NOW recalls low-potency phosphatidylserine products

11-Jan-2024 - Last updated on 11-Jan-2024 at 14:08 GMT

NOW Health Group is voluntarily recalling several product lots containing phosphatidylserine supplements that failed to meet potency claimed on label.

The natural products manufacturer said that it was first alerted to the issue on Jan. 5 by a ConsumerLabs.com report and immediately launched an investigation that confirmed that some of the items in four lots indeed fell short of specification.

“While there is no health risk in this situation, we take regulatory compliance and meeting label claims seriously, and giving consumers what they pay for even more seriously,” said Dan Richard, NOW Health Group VP of global sales and marketing. “We are issuing a voluntary recall and being transparent with the industry as a first step, to be followed by adding additional safeguards to our quality assurance protocols, especially for products we don’t make ourselves.”

The recall covers lots #3316650 and #3309243 of NOW Phosphatidyl Serine Extra Strength 300 mg Softgels (50 count) and lots #3309194 and #3316624 of the Protocol for Life Balance practitioner brand, marketed to support cognitive health. NOW confirmed fewer than 10,000 units of the NOW brand and less than 3,000 units of the Protocol brand have been sold.

A blending issue

The investigation traced the inconsistencies to a contract manufacturer and attributed the source of the problem to “difficulty blending lecithin and achieving uniformity”.

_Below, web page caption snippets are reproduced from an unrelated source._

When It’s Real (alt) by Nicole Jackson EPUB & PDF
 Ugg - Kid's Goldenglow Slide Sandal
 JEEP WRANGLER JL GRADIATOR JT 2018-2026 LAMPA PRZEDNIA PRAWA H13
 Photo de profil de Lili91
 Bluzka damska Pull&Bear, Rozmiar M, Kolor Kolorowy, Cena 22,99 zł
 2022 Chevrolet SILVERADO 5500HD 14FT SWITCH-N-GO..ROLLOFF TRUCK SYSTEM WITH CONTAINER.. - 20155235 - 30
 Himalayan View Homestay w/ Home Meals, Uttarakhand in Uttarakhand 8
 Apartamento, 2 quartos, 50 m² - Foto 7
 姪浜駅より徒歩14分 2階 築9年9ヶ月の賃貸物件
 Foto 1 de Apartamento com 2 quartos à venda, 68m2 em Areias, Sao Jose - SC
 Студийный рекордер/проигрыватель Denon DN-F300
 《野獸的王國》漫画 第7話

“Various product testing confirmed 30 mg and 55 mg per soft gel for some units and over 300 mg for others from the same lot,” Joshlyn Atoyebi, senior compliance manager at NOW, told NutraIngredients-USA. “[T]his is how we can tell that the problem is a blending issue with the contract manufacturer rather than a problem with the phosphatidylserine itself.”

NOW manufactures close to 80% of its dietary supplements at its in-house facilities across the U.S. and Canada and relies on 25 different contract manufacturers to supplement its internal capacities. It highlights its commitment to rigorous quality protocols, which include over 19,000 quality tests a month throughout the manufacturing process in its ISO-accredited labs.

In the case of the phosphatidylserine lots, NOW said that products are formulated with a standard 324 mg, representing an 8% overage, and that pre-shipment samples tested in its third-party ISO-accredited analytical and microbiological lab passed at over 300 mg/softgels.

“Obviously, in light of this situation, we will adjust our testing procedures and protocols with our contract manufacturers to ensure that this never happens again,” Atoyebi said. “NOW continues to focus on comprehensive testing and will only continue to get better.”

Focus on quality assurance

This comprehensive testing extends to surveillance of other supplements on the market through a product policing program NOW launched in 2017 to check whether unfamiliar brands sold on Amazon meet label claims.

The 17 testing rounds to date have uncovered “subpar” to “baffling” to “abysmal” results tied to potency, labeling, contamination, adulteration and heavy metal level issues across over 150 tested products, including “serious failings” in the phosphatidylserine category.

NOW said that it is working with the U.S. Food and Drug Administration to execute its recall, which includes contacting all customers who ordered the affected products with detailed instructions on next steps.